**REQUIRED ACTION**
Transcribe the data below verbatim from the line with "장안식당 | 광주근교 함평 육회비빔밥 맛집 장안식당 내돈내산 후기" to the line with "Chrysanthemum". Include both of those lines.

Dataset entries:
<<<<

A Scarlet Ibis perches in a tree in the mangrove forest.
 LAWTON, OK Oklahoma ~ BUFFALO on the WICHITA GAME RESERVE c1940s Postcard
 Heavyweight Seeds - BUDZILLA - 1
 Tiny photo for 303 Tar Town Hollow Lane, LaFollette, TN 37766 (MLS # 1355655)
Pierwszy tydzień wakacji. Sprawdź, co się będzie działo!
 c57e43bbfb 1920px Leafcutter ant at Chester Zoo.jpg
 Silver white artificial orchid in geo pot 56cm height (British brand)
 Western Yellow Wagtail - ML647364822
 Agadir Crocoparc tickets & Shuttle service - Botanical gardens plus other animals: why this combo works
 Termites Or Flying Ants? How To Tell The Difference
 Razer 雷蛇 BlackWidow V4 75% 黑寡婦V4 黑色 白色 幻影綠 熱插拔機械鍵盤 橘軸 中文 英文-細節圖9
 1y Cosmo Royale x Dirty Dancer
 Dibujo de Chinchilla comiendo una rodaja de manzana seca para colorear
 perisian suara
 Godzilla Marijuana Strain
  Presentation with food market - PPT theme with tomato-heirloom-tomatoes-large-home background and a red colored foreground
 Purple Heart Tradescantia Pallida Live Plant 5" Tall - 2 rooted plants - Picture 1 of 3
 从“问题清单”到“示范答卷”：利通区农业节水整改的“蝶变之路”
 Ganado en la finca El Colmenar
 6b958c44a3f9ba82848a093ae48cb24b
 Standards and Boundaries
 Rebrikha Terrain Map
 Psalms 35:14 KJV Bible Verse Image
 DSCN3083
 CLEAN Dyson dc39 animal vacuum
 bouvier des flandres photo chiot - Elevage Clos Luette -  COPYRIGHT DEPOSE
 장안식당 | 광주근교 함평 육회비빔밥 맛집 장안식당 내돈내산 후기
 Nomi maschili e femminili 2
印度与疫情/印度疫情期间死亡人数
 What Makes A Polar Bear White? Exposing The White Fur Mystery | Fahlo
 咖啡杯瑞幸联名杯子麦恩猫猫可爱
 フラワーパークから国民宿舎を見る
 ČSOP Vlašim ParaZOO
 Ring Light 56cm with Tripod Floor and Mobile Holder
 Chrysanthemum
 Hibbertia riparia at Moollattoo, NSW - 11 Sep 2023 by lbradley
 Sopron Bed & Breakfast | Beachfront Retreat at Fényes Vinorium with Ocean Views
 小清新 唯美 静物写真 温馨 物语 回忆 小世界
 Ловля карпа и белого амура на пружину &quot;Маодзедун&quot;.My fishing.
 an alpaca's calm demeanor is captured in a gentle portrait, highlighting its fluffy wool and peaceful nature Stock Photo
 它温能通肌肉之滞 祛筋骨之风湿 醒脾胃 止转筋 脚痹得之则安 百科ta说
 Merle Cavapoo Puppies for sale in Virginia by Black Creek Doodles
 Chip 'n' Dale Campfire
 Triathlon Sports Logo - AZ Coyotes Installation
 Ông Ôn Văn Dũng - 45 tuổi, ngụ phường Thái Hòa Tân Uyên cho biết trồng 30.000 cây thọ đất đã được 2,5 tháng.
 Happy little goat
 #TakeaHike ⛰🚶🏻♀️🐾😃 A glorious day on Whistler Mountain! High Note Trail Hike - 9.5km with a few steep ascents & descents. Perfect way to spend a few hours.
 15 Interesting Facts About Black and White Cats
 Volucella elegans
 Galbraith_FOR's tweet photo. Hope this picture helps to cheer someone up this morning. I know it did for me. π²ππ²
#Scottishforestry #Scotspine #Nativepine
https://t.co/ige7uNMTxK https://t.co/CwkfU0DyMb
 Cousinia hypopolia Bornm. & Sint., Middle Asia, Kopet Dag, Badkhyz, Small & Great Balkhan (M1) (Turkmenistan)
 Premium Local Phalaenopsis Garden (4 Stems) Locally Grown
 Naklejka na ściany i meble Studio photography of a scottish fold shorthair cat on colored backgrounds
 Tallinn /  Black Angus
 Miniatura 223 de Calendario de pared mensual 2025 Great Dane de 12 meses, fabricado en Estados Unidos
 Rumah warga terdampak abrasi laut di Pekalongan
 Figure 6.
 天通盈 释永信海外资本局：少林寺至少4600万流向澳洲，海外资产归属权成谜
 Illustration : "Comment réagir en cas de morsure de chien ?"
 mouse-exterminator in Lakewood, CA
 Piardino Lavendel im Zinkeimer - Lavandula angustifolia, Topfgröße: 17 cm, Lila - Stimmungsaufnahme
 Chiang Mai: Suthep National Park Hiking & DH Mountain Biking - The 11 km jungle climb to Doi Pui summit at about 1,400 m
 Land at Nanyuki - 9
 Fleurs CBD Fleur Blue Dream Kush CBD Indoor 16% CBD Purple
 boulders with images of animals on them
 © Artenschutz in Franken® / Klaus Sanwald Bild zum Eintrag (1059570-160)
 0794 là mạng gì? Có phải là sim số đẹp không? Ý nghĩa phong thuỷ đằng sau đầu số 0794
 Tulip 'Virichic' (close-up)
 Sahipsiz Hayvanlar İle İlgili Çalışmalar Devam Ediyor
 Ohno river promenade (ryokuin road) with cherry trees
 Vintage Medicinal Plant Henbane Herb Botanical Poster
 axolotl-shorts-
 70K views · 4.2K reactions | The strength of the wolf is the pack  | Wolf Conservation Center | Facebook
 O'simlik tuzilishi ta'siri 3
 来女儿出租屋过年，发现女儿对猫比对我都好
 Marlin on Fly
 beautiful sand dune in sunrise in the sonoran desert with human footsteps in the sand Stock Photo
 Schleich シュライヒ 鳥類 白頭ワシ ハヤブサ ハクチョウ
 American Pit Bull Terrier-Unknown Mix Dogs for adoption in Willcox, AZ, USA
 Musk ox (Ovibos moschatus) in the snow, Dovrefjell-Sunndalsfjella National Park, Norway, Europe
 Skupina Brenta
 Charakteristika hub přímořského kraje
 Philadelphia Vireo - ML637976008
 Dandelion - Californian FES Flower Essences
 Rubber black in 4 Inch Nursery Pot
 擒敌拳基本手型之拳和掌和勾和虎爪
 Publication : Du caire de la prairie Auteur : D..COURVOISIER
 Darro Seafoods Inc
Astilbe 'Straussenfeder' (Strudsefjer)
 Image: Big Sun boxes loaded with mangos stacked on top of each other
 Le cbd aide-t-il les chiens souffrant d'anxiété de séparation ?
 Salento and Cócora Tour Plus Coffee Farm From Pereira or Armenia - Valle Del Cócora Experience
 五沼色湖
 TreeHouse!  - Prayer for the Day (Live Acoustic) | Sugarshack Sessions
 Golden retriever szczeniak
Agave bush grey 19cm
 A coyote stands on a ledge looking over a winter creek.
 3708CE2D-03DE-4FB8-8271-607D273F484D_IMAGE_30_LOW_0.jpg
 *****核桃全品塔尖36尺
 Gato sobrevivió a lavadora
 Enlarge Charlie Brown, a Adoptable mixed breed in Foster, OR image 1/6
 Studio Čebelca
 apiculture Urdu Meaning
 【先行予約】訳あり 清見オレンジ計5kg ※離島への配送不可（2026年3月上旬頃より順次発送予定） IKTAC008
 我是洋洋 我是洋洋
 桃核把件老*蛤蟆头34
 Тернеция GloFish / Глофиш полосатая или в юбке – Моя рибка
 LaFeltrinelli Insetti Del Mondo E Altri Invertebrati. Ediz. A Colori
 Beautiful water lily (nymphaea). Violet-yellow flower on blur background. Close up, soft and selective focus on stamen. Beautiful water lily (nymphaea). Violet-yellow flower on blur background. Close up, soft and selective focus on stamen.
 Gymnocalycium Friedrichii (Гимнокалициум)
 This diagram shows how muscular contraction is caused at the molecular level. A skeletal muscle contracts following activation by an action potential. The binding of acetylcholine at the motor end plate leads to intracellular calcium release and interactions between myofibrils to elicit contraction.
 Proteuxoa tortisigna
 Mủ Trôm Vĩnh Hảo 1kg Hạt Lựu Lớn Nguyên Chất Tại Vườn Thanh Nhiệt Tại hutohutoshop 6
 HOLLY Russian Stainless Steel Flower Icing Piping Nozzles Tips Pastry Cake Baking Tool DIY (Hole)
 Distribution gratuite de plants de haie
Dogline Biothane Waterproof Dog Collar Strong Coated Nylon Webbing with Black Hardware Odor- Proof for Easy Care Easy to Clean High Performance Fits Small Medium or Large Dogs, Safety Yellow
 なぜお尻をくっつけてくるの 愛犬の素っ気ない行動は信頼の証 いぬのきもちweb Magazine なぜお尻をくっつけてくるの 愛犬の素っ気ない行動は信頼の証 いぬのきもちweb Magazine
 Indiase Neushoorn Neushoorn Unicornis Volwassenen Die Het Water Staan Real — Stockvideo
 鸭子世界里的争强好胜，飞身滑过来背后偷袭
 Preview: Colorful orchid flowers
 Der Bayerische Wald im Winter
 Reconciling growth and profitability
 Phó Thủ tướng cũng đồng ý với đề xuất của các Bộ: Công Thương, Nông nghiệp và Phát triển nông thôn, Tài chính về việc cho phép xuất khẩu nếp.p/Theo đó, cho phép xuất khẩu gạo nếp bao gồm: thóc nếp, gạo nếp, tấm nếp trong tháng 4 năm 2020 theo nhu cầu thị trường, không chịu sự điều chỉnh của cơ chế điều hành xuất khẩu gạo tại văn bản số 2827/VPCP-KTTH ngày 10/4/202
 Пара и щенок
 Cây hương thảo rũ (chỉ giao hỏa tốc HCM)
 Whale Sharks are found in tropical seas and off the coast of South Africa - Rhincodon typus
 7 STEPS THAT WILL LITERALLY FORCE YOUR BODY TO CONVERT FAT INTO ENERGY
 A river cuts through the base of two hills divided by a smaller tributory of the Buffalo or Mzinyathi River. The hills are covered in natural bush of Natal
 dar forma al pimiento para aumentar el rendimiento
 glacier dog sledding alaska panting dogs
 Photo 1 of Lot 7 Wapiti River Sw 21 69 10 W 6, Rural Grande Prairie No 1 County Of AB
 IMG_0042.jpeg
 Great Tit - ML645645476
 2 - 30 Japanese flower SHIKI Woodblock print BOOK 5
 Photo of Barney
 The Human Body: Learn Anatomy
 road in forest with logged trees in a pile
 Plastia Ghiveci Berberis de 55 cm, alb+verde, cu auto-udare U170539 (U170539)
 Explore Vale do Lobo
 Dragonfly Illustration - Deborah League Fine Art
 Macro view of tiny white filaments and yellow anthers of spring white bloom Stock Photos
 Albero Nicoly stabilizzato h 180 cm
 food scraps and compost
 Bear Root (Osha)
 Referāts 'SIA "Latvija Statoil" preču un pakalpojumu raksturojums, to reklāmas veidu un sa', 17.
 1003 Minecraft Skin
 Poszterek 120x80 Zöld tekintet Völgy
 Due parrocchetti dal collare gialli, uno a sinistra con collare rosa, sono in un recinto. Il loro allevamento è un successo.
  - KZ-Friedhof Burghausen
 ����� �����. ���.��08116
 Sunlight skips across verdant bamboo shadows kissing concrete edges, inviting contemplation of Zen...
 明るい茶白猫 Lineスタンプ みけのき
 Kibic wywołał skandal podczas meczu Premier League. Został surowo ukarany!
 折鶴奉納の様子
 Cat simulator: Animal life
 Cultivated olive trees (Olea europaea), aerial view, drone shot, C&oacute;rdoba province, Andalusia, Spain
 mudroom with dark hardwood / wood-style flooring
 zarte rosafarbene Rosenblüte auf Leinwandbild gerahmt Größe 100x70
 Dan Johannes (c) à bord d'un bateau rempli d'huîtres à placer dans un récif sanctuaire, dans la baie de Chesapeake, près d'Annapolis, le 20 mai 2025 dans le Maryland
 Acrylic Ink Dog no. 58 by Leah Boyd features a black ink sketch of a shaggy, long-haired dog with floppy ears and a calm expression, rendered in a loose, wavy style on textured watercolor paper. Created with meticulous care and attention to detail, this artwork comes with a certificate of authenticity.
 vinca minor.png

>>>>

**RESULT OF THE EXERCISE**
 장안식당 | 광주근교 함평 육회비빔밥 맛집 장안식당 내돈내산 후기
 Nomi maschili e femminili 2
印度与疫情/印度疫情期间死亡人数
 What Makes A Polar Bear White? Exposing The White Fur Mystery | Fahlo
 咖啡杯瑞幸联名杯子麦恩猫猫可爱
 フラワーパークから国民宿舎を見る
 ČSOP Vlašim ParaZOO
 Ring Light 56cm with Tripod Floor and Mobile Holder
 Chrysanthemum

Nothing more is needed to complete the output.